Google's First Tensor Processing Unit: Architecture

Meaning and Use of “Tensor”

  • Debate over why “tensor” is used when hardware mainly does vector/matrix ops.
  • Several comments say it’s largely branding and shorthand for n‑dimensional arrays; higher ranks often just come from batching (e.g., N,C,H,W for images).
  • Others stress that “tensor” in pure math/physics means a coordinate‑transforming multilinear object, not just an array; ML “tensors” are closer to generic multidimensional arrays.
  • Historical notes: the word’s meaning has drifted over a century; its use in ML as near‑synonym for “array” is described as recent and somewhat unfortunate but entrenched.
  • Some argue the ML use is acceptable within that context; others consider it misleading.

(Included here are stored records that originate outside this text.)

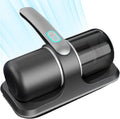 Nettoyeur de matelas portable sans fil, Aspirateur de nettoyage en profondeur pour lits, tapis et canapés avec désinfection UV puissante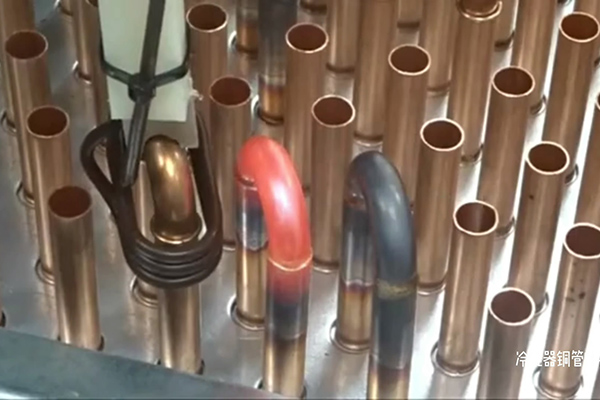 冷凝器釬焊空調(diào)冰箱銅管接頭焊接用高頻焊機(jī)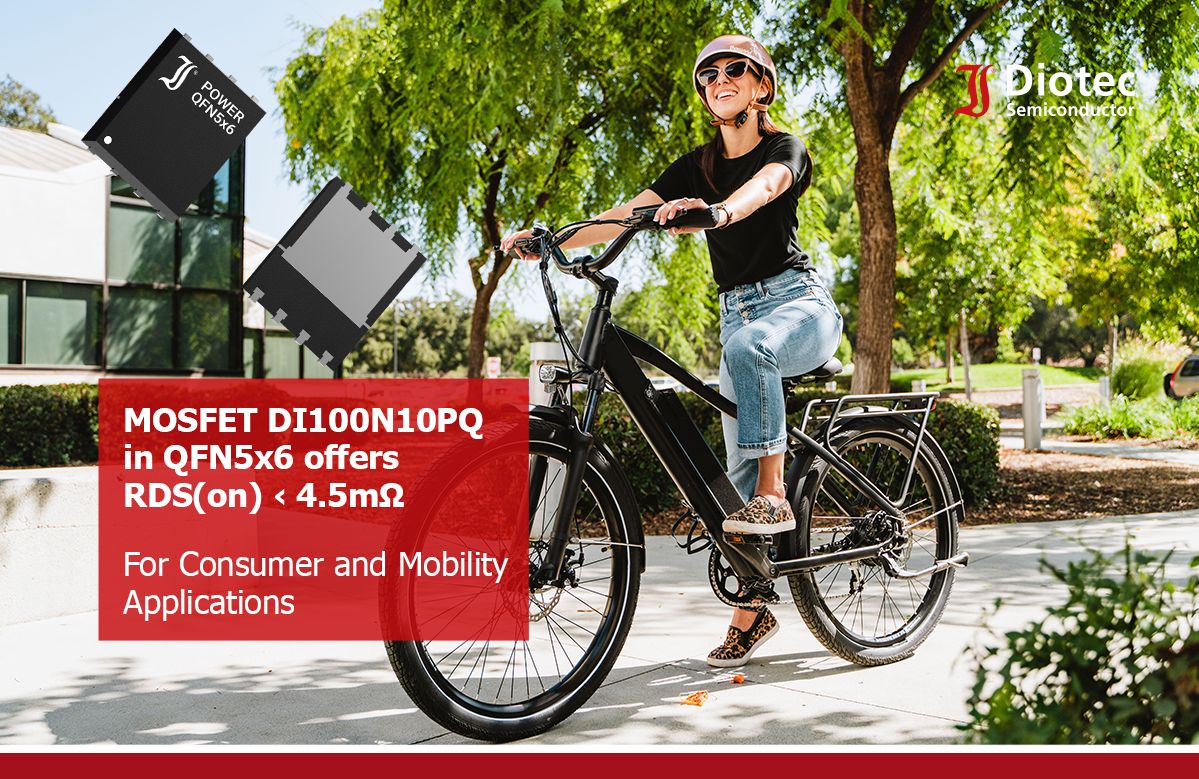 DI100N10PQ MOSFETs (Field Effect Transistors)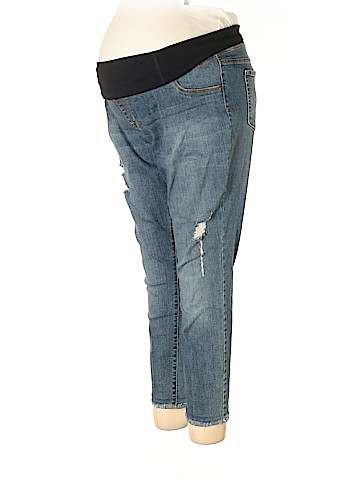 Isabel Maternity Jeans (view 1)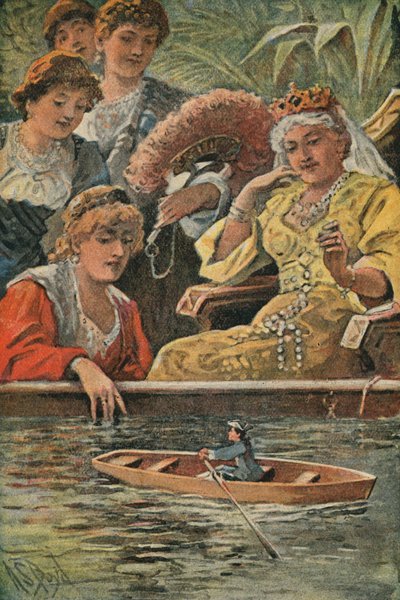 Gulliver im Land der Riesen von Alexander Stuart Boyd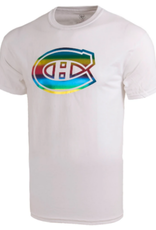 '47 Men's Rainbow Foil T-Shirt Montreal Canadiens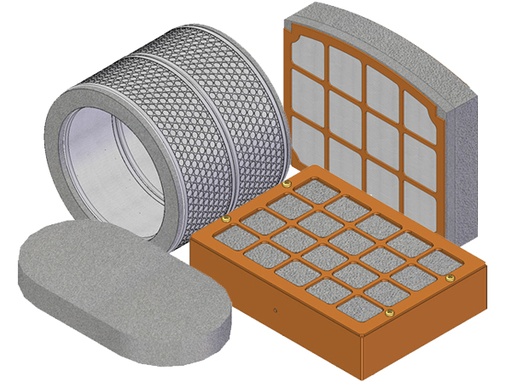 [RX1-08-13164] Brackett Aero Air Filter Complete Assembly BA-130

TPU Architecture and Programming Experience

  • TPU v1 described as having ~20 instructions; commenters question calling that “CISC,” debating what CISC/RISC even means here.
  • TPUs conceptually operate on matrices; n‑D tensors are flattened into 2D matmuls (e.g., 3×4×256 → 12×256) and mapped to fixed 2D “native sizes.”
  • One perspective: higher‑order tensor operations decompose into lower‑dimensional ones, so the hardware “supports tensors” via composition.
  • Practitioner reports: TPUs can be very fast for architectures they were designed for, but compilers can be fragile; new or unusual models may run poorly or even slower than CPUs.
  • GPUs are seen as more general, with mature low‑level access enabling custom kernels like FlashAttention.

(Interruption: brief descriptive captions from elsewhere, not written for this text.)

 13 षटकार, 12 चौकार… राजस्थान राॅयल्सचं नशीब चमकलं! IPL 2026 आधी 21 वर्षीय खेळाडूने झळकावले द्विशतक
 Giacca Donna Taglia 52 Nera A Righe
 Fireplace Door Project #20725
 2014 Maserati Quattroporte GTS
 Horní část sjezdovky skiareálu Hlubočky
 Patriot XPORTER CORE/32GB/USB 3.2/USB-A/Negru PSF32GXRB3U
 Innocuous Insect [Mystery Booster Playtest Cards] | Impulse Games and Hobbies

Nvidia, CUDA, and Competing Accelerators

  • Nvidia’s key advantages cited: reserved fab capacity, deeply integrated software (CUDA, libraries), existing datacenter hardware, and customer relationships.
  • Many see CUDA’s optimized kernels and ecosystem as the main moat; alternatives (ROCm, Vulkan, Triton, vendor TPUs, AWS Trainium, Intel/Habana, AMD GPUs) exist but lag in adoption and tooling.
  • Some complain that CUDA and drivers are brittle; others respond that competitors’ stacks are worse.
  • View that AI demand and big‑tech self‑interest will eventually produce serious competition; counter‑view that replicating Nvidia’s software stack is an enormous, long‑term effort.

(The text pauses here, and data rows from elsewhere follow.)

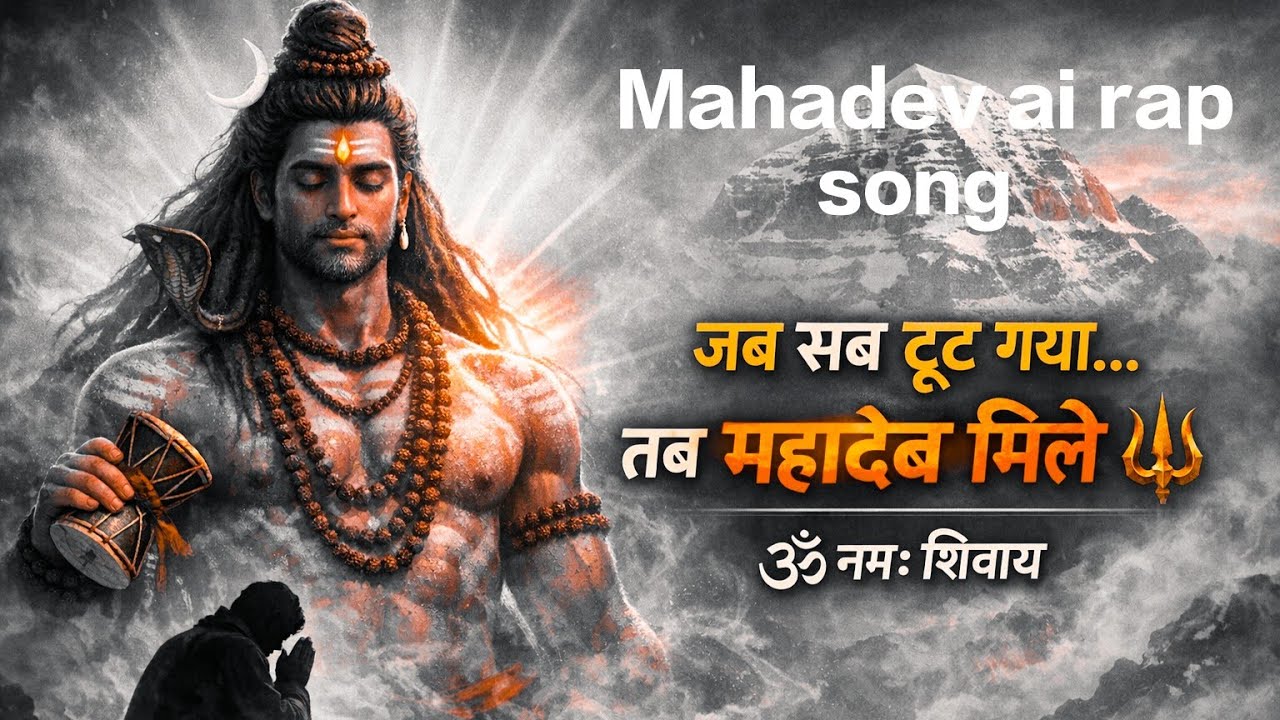 डमरू की धुन ने जीवन बदल दिया 🥰 Mahadev Bhajan | ॐ नमः शिवाय” Hindi mein Bollywood Hollywood south 🥵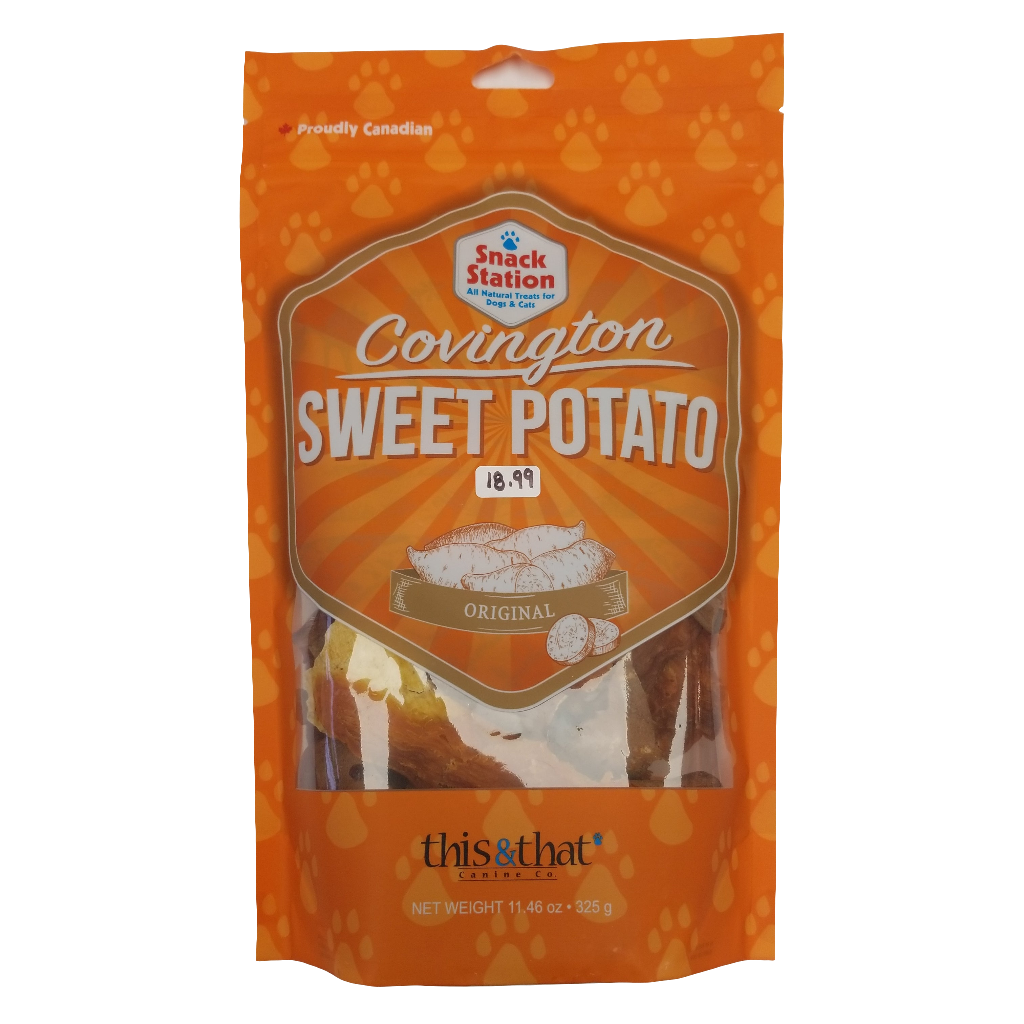 Snack Station Sweet Potato Treats 11.46oz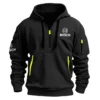 Black and Decker Exclusive Logo Hoodie Half Zipper Carpenter Fans Loves QTCAP020125A02BD - Navy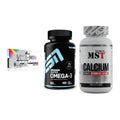 Grundversorgung: Olimp Vita-Min + ESN Omega 3 + MST Calcium – alle enthaltenen Artikel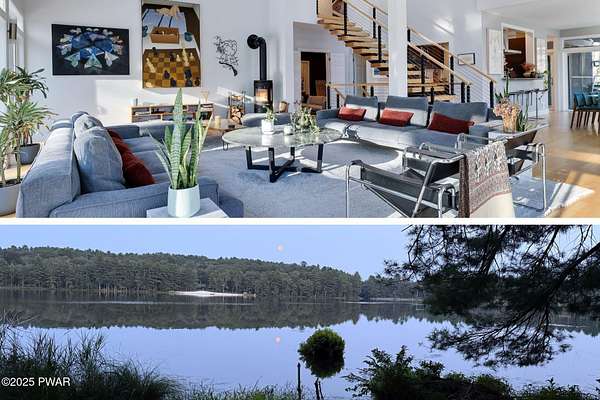 3.12 Acres of Residential Land with Home for Sale in Dingmans Ferry, Pennsylvania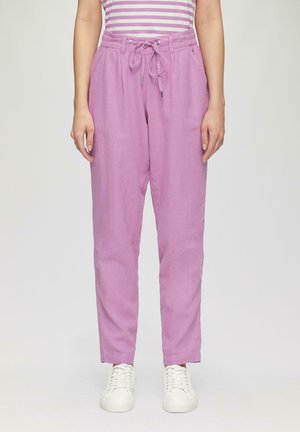 ELSASTISCHEM BUND - Pantalon classique - lavendel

Google’s AI/TPU Strategy and Missed Opportunities

  • Recurrent question: how Google invented TPUs and the transformer, built strong chat models internally, yet allowed Nvidia and startups to capture most visible value.
  • Explanations offered:
    • Fear of safety, hallucinations, and regulatory backlash, especially in the EU.
    • Internal conservatism and reluctance to launch radical new products that might threaten search/ads.
    • Complacency and preference for incremental improvements vs disruptive bets.
  • Some argue it’s premature to say Google has “lost”; they can still embed AI across products, but matching search‑scale revenue is hard.
  • TPU business: calls for spinning out the team as a separate company; concern that TPUs are scarce even internally and mostly accessible via Google Cloud, limiting ecosystem growth.

Fabrication, Availability, and Other Hardware Notes

  • TPUs reportedly use slightly older process nodes than cutting‑edge GPUs; this is considered acceptable but less glamorous.
  • Proposal that Google build its own leading‑edge fab is widely dismissed as economically and technically infeasible given required capital, expertise, and volumes.
  • Apple’s M‑series chips are noted as strong for local inference due to unified memory and high bandwidth, but not positioned as competitors for large‑scale training like H100s.